But he probably would have 'done'. The authorities may well have rallied around him; his followers were clearly devoted to him -  the recorded criticism and exclusion of Jesus and his friends. He may have had his idiosyncrasies but there was something familiar in his ministry - 'are you Elijah?' He fits the profile; there had been many, many years of God's silence before John but  there is little difference between him and the prophets that had come before.

John's followers were rebels but not radicals. They wanted the Messiah that the Jews had always wanted; they wanted to topple the enemy; to have their land and their place in it. It was about them and their God; for them John was enough.

A true prophet; John knew he wasn't; knew that Jesus would be so much more than he could imagine - couldn't image - remember his message from prison - 'are you the One?'. John (and John) warns us - don't be distracted; look beyond; don't settle for 'enough'.
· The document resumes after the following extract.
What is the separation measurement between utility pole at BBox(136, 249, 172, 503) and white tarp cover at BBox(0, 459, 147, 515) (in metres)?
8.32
But we often do; we become captivated by something just a little out of the ordinary; just enough of a challenge. Sometimes we connect with the personality of others who are making the spiritual journey beyond; writers; theologians; priests and retreat leaders and we follow them. We grant them authority through lineage and tradition. We listen to what they say and read what they think; we rely on them to do the 'witnessing' and attach ourselves to their coat-tails.

To paraphrase St Paul we follow Rhor or Merton or Fr so-and-so; but they are just human beings on the same journey as us; we are meant for Jesus. For that personal calling, holding, healing relationship that seems too good to believe; that we don't believe is for us; but that John wants us to believe truly is.

We admire the many that we recognise as witnesses; John himself, the saints, the 'wise' people; we must never forget that we are intended to be witnesses ourselves.

But first we too must 'see' the Light. 



claire said...

This is quite a wake up call, Word. Thank you.

Anonymous said...

Excellent post and I agree with Claire, it is a wake up call!

It's important not to allow spiritual inspirations become idols... A personal relationship with Jesus is what we can set our hearts to... :)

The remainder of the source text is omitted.